Mesolithikum

Untersuchungen zwischen Weser, Werra und Oberharz

Durch langjährige Geländearbeiten und Materialauswertungen kann eine Gesamtschau der Entwicklung und Ausbreitung mesolithischer Besiedlung im südlichen Niedersachsen gegeben werden. Zusätzlich wurden Ausgrabungen auf zwei Freilandstationen sowie unter mehreren Abris im Buntsandsteingebiet bei Göttingen durchgeführt.

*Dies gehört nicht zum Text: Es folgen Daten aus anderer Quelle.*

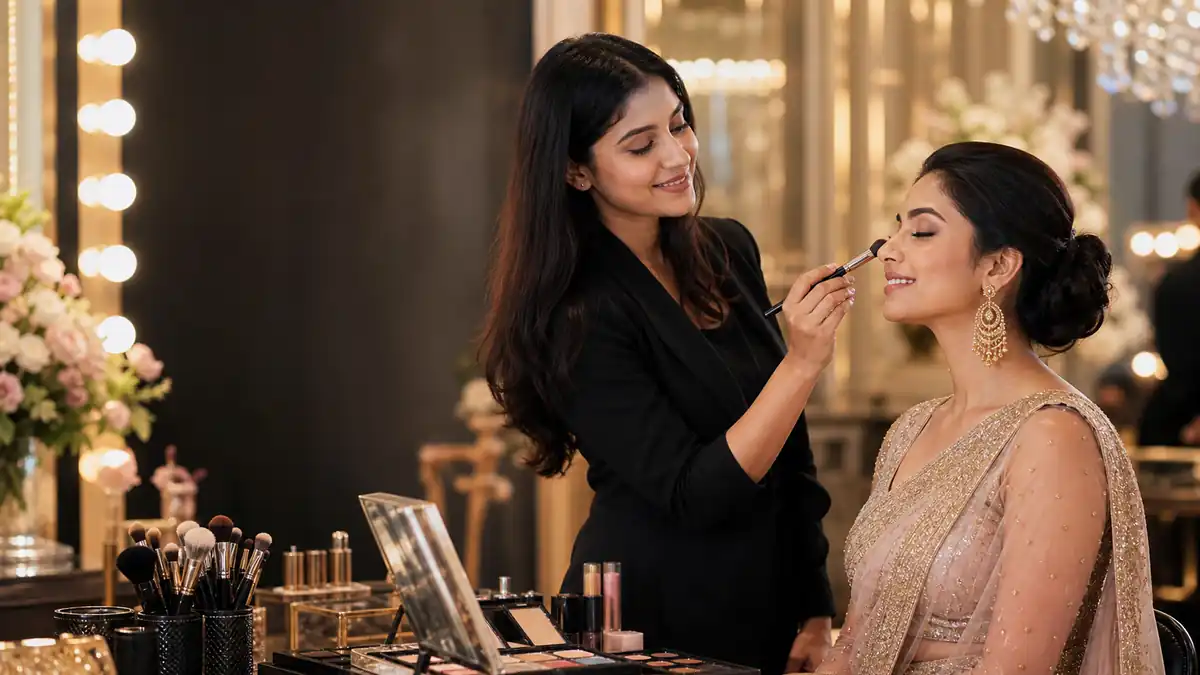 Guests enjoying make up artist activity setup in Agra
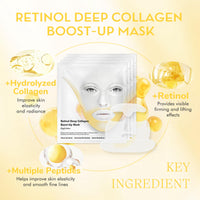 Fashion Base Deep Collagen Retinol Tension Boost Up Mask Set, 4PCS Deep Collagen Face Tightening and Lifting Mask for Forehead Wrinkles,V-Line,Smile Line & Korean Skin Care (8PCS-PACK OF 2, Retinol-2)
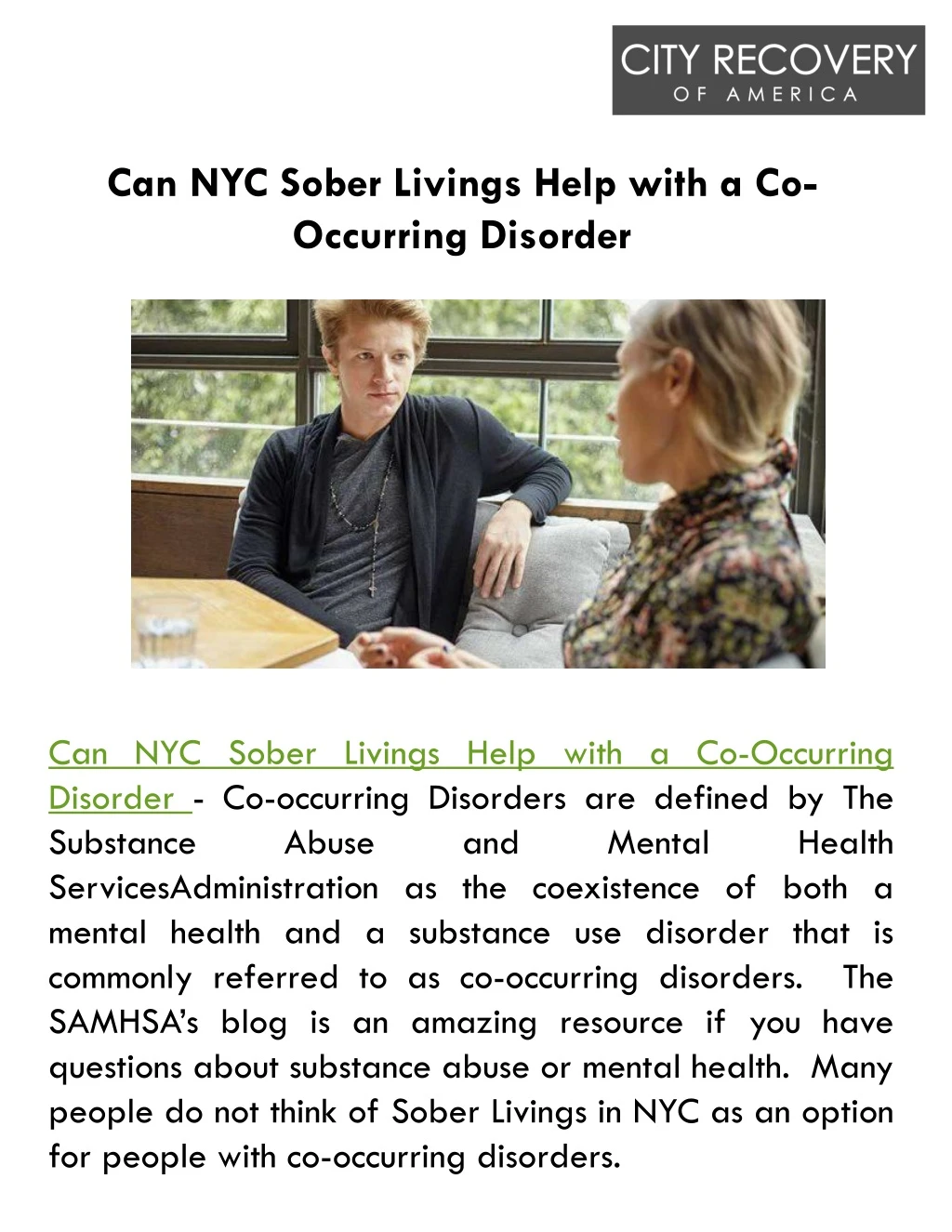 can nyc sober livings help with a co occurring
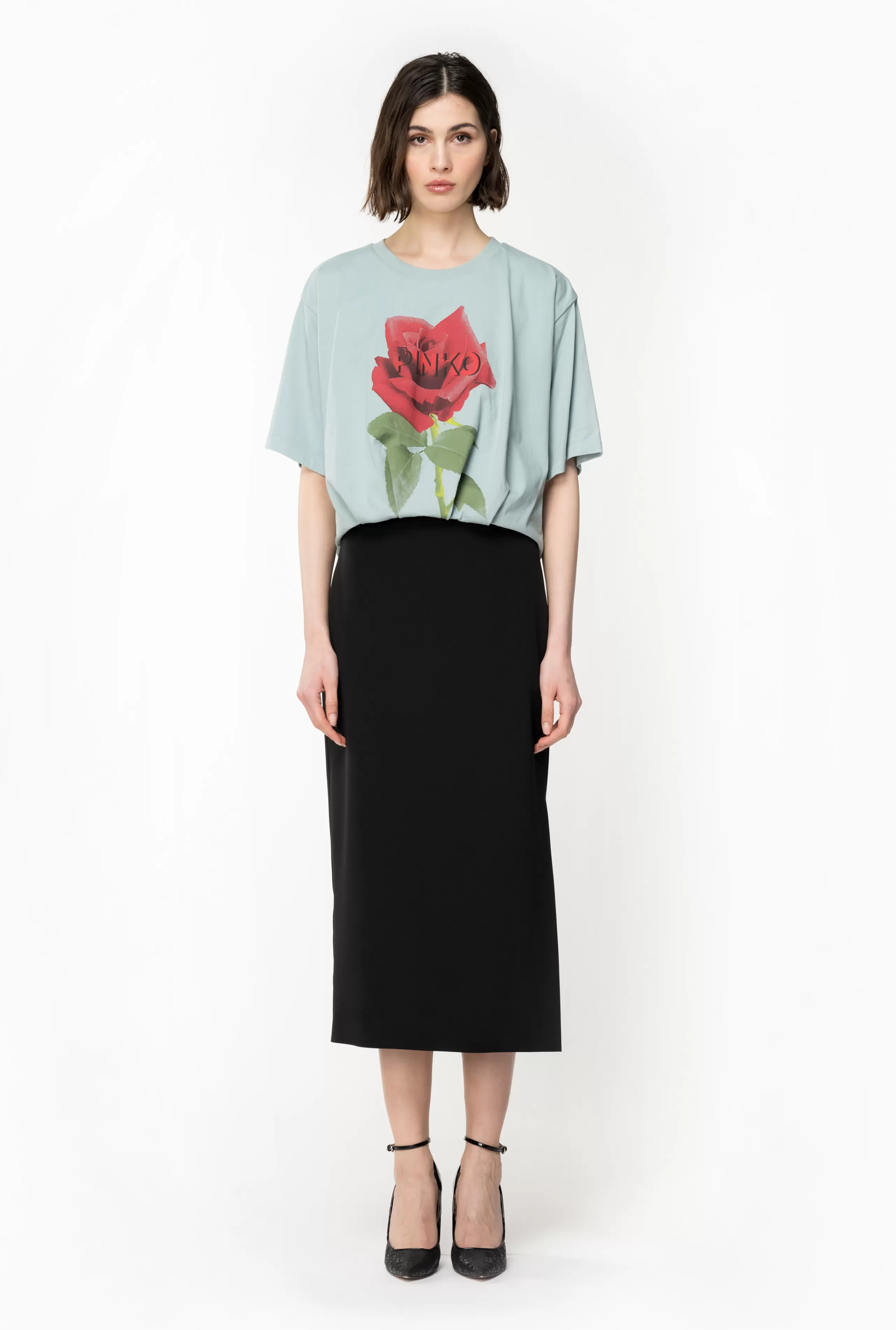 PINKO TOPY-T-shirt Crop Z Nadrukiem Róży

Die wichtigsten Untersuchungen

Salzderhelden, Ldkr. Northeim
Probegrabung 1973 auf einer Freilandstation auf dem Kleinen Heldenberg im Leinetal. Pfostenbefunde, paläobotanisches Material, lithisches Inventar geschlagener Flint- und Kieselschieferartefakte. Mittleres Mesolithikum.

Volkmarshausen, Ldkr. Göttingen

Grabung Volkmarshausen 1980
Grabung Volkmarshausen 1980
Flächengrabung 1980 am Rande einer weitgehend zerstörten Freilandstation mit Funden der Ahrensburger Kultur („Volkmarshausen III“) im Oberwesertal, Einmündung des Schedetales. Neben Baumwindwurfgruben auch Nachweis anthropogener regelhafter Gruben mit Steinplattenausbau und Fundinhalt. Frühmesolithisches Artefaktinventar, Holzkohlen, angeschliffene Sandsteinplatten. Nach 14C-Daten präborealzeitlich.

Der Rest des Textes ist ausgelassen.